New research by ŠKODA reveals the nation’s views on what leads to a rich and happy life; comparing the views and experiences of young adults (18 – 30s) to an older generation (over 60s).
The research shows, when it comes to looking at the things in life that we most value, opinions of millennials and baby boomers are similar – with both stating family (78 per cent / 81 per cent), good health (49 per cent / 74 per cent) and friends (45 per cent / 48 per cent) among the main necessities needed to lead a rich and fulfilling life.
However, when it comes to regrets and worries, opinions differ. Money worries top the troubles of younger people – with two fifths (42 per cent) saying their biggest regret is not saving enough, followed by worrying too much about their appearance (25 per cent). In contrast, the over 60’s most regret not having travelled enough (26 per cent), followed by not spending enough time with loved ones (16 per cent).

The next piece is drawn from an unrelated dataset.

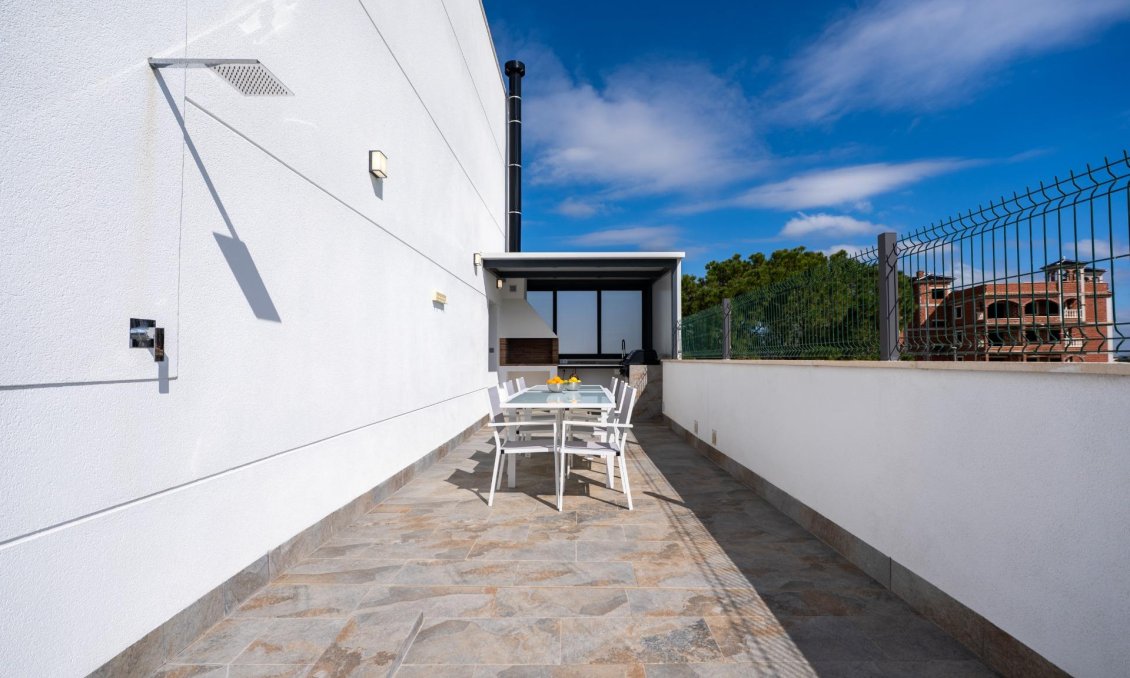 Segunda mano - Semi Detached -
Bigastro - Comunidad Valenciana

“We set out to uncover the importance and value of wealth across different generations. Interestingly, we found that the perception of value isn’t universal; money is more of an influencing factor for millennials, while baby boomers place greater value on life experiences”, said Kirsten Stagg, Head of Marketing for ŠKODA UK.
“What is also apparent is that as we get older, rarely do we look back and think ‘I wish I’d spent more money’ on something – it’s spending time with the people we love that fulfils us”, Stagg continued.
Nearly a quarter (24 per cent) of young people say money is what makes them happiest in life, compared to just 9 per cent of those aged 60 and over.
When it comes to what the baby boomers say make them happy, it’s having family (65 per cent), love (36 per cent) and travelling (31 per cent).
Both generations wish they spent more time with their loved ones. The majority of young people wish they spent more time with their mums (33 per cent) and friends (30 per cent), while the majority of the elderly wish they spent it with their children (32 per cent) and dads (29 per cent).
The research from ŠKODA coincides with the brand’s launch of its Alternative Rich List, which celebrates people who are rich in ways other than monetary wealth.